February 14 2020, in a piece of cruel anti-serendipity, saw bad news for both teams, although they now occupy not only different leagues, but different planes of existence. Bury, in a limbo state since the team’s expulsion from the league last autumn, learned that its owner, Steve Dale, had defaulted on his debts, and so the club will now almost certainly be liquidated entirely, bringing to an end 130 years of (admittedly mostly unremarkable) history. Man City, meanwhile, are defending Premier League champions and sitting pretty in second place; but their immediate future was cast into chaos after Uefa (the Union of European Football Associations) ruled that they had seriously breached financial fair-play rules and banned them from the Champion’s League for two seasons.

City’s misfortune casts a light on the current state of elite football, its extraordinarily obvious corruption by the forces of capital, and also hints at a step-change to come. Bury’s demise is indicative of the effects this circus has on the thousands of teams of more modest ambitions. For now, these two phenomena are linked - although part of the story is that they may not be for very much longer.

Only the most deluded of City fans could deny the crucial role played by moneyed new owners in the journey from the second division to the cream of the English footballing elite, as they certainly were in the two seasons before this one. Though they fought their way back to the premiership under an antique ownership structure, by the middle of the 2000s City were on the shopping lists of some very wealthy individuals. The first to buy them was the Thai tycoon and deposed prime minister, Thaksin Shinawatra; things were looking up until it turned out that the military junta that replaced him back home had frozen most of his $800 million fortune. A mysterious consortium of Arab investors swept in to the rescue, and it soon became clear that the real mover behind it was Sheikh Mansour, a senior member of the Abu Dhabi royal family. Mansour was playing for keeps, and invested enormous amounts of money. It paid off, and City won their first premier league title on goal difference in 2012.

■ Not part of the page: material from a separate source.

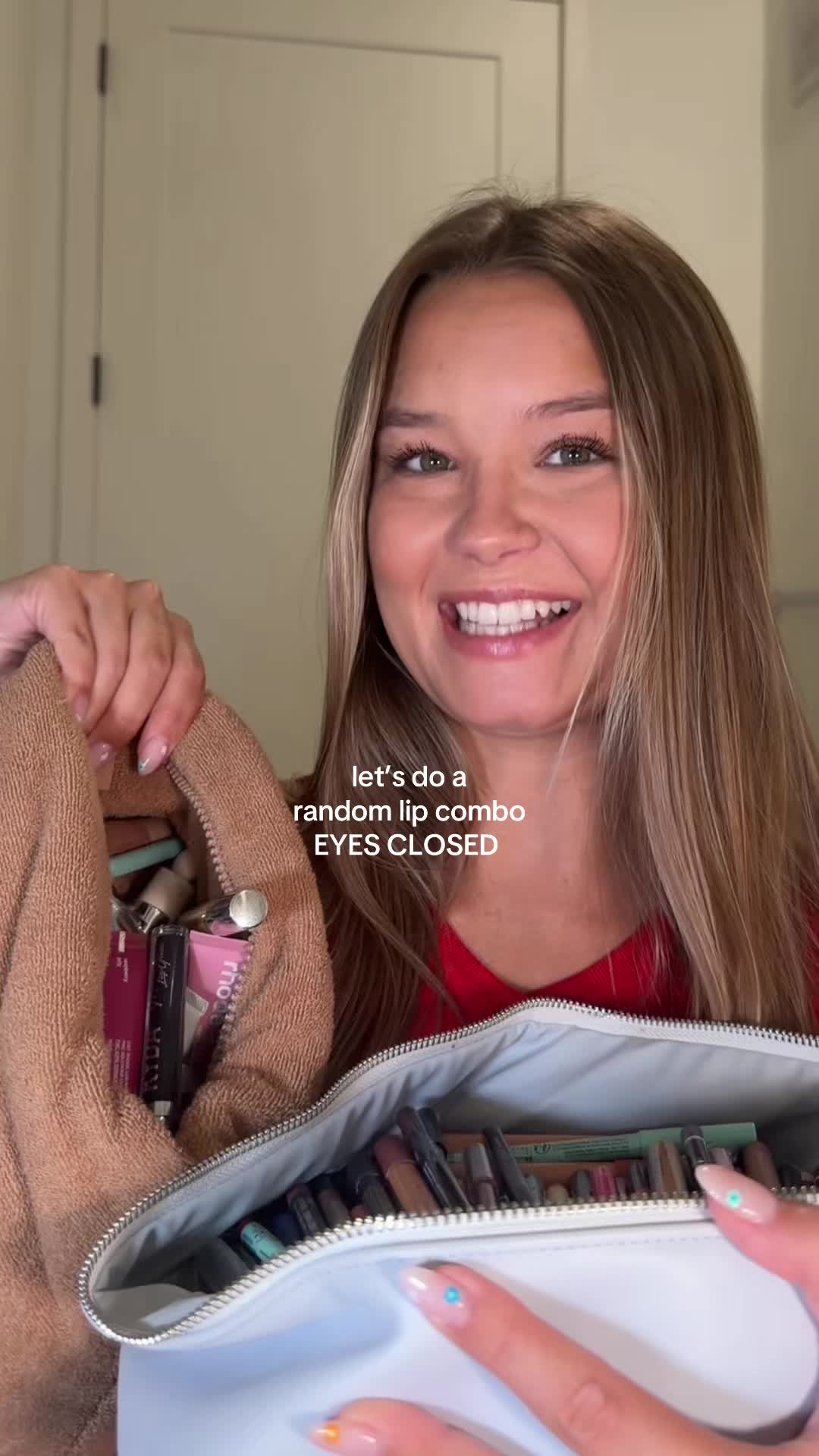 @Gabriella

At the same time, however, plans were afoot to restrict this particular business model. Manchester City were not the only club to benefit from enormous injections of cash of this sort: in this country, Chelsea had already been propelled from mid-table stagnation to considerable success, thanks to the financial clout of the Russian oligarch, Roman Abramovich; and the Qatari regime has since bought Paris Saint-Germain, with the result that Ligue 1 is essentially a one-party state at this point. Rules for ‘financial fair play’ (FFP) were cooked up by Uefa, and considerably shaped by the continent’s most powerful clubs; the result was that strict limits were placed on the losses clubs were permitted to make over several years.

This was highly problematic for a club like City under its new ownership structure. Yet, as is the way with capitalism - especially high finance - there is usually a way around the problem. City’s get-out (and not only theirs) was to use sponsorship money from various Abu Dhabi businesses (notably the Etihad airline), which counts as revenue, instead of direct investment from the owners, which does not. These businesses, of course, are very closely linked to the monarchy.

City have already been fined under FFP rules before: the recent reopening of the case comes after a large cache of internal emails was leaked by Rui Pinto - a Portuguese man who has embarrassed many football clubs this way and is currently facing trial for hacking (which he denies). The emails reveal the contempt with which the club treated the rules, openly discussing means of flouting them, and making crass comments about Uefa’s investigators. This apparent breach of trust led to the far more serious sanction of a two-year ban from European football.

On the verge

There is a lot at stake for Man City, as they prepare to drag this through the Court of Arbitration for Sport (and perhaps then the European Court of Justice). Missing out on two Champion’s Leagues will cost them something like £200 million in missing TV revenues and sundries. It also makes the loss of their restless head coach, Pep Guardiola, far more likely, and may cause a stampede to the exits for their best players. In itself, however, that is not terribly interesting (unless you are a fan of the club, or of a club that might be able to hire Guardiola).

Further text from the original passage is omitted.